Le Ministère de la Santé Publique, Hygiène et Prévoyance Sociale a annoncé jeudi 26 mars 2026 des sanctions immédiates, incluant des poursuites judiciaires et des suspensions, suite à un rapport accablant de l’Inspection Générale de la Santé confirmant des violences physiques, psychologiques et une violation de l’intimité d’une patiente à l’Hôpital Général de Référence de Kinkole.
L’opinion congolaise est sous le choc après la diffusion d’une vidéo devenue virale montrant une jeune femme victime de violences physiques infligées par son médecin traitant Dr David Balangakayi, après son accouchement à l’Hôpital général de référence de Kinkole (ex‑CNPP/Kin), alors que la patiente se trouvait dans un cadre censé garantir soins et protection. Selon des sources concordantes, la jeune femme aurait subi une déchirure post‑partum nécessitant une réparation périnéale d’urgence pour stopper une hémorragie.
Après réception par le Ministre du rapport de l’Inspection Générale de la Santé, réuni ce jeudi 26 mars 2026, concernant l’Hôpital Général de Référence de Kinkole, le Ministère de la Santé Publique, Hygiène et Prévoyance Sociale a prise connaissance avec indignation des faits révélés impliquant une patiente victime d’actes de violence physique et psychologique par un membre du personnel médical lors de sa prise en charge.
Ces faits constituant une violation grave de la dignité humaine et des règles déontologiques, ainsi qu’une atteinte à l’intimité de la patiente, aggravée par la diffusion d’images sur les réseaux sociaux, a fait savoir le Ministère.
A cet effet, les mesures suivantes ont été prises :
-Transmission du dossier aux autorités judiciaires compétentes et saisine du Conseil de l’Ordre des Médecins pour enquête pénale et sanction disciplinaire de tous les professionnels impliqués.
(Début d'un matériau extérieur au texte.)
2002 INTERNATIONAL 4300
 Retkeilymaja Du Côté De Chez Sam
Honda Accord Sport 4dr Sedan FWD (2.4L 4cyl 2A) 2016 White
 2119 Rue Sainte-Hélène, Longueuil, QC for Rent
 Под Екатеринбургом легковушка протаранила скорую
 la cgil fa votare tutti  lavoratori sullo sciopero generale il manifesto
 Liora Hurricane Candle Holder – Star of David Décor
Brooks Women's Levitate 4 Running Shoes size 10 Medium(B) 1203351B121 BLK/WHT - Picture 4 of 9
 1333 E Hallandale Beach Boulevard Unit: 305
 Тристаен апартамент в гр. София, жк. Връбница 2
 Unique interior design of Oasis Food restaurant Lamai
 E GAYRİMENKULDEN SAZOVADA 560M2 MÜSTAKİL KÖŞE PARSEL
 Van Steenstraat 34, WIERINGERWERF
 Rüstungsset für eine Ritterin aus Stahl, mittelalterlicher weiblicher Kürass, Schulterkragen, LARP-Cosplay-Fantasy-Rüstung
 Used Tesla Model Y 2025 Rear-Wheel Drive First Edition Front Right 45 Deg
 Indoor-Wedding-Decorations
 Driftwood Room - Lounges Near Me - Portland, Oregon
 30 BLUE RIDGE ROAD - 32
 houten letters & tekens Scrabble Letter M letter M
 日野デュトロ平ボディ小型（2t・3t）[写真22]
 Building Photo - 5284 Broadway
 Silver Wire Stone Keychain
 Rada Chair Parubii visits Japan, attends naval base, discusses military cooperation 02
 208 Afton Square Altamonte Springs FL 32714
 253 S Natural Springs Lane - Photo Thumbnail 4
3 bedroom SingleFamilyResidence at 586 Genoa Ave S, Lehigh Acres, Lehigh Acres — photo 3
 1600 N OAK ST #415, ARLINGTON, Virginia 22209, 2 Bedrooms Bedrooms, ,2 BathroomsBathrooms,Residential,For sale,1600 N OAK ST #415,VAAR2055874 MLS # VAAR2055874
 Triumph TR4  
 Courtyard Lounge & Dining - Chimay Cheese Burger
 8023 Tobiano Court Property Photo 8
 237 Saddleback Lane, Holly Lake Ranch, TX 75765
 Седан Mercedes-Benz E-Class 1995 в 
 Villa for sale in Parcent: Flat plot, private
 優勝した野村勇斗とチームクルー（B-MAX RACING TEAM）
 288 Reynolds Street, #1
-Inspection extraordinaire de l’HGR de Kinkole et audit national des pratiques de prise en charge dans l’ensemble des structures sanitaires publiques, privées et conventionnées.
-Suspension préventive des personnes identifiées dans les faits incriminés, dans l’attente des décisions judiciaires et ordinales. Parallèlement, le Ministère continue de mettre en œuvre un dispositif national unifié de gestion des plaintes et signalisations, couvrant l’ensemble des prestataires et acteurs du secteur de la santé, afin d’améliorer le suivi, la transparence et la sécurité dans toutes les structures sanitaires.
Le Ministère de la Santé rappelle que toute atteinte à la dignité des patients est inacceptable. Il réaffirme que chaque citoyen est invité à signaler tout manquement et que chaque professionnel de santé est tenu de respecter strictement les règles éthiques et déontologiques. Il souligne également que tout patient a droit à des soins dignes, sans distinction. Il réaffirme que tout manquement grave fera l’objet de sanctions immédiates, exemplaires et rendus publics, quel que soit le statut du contrevenant.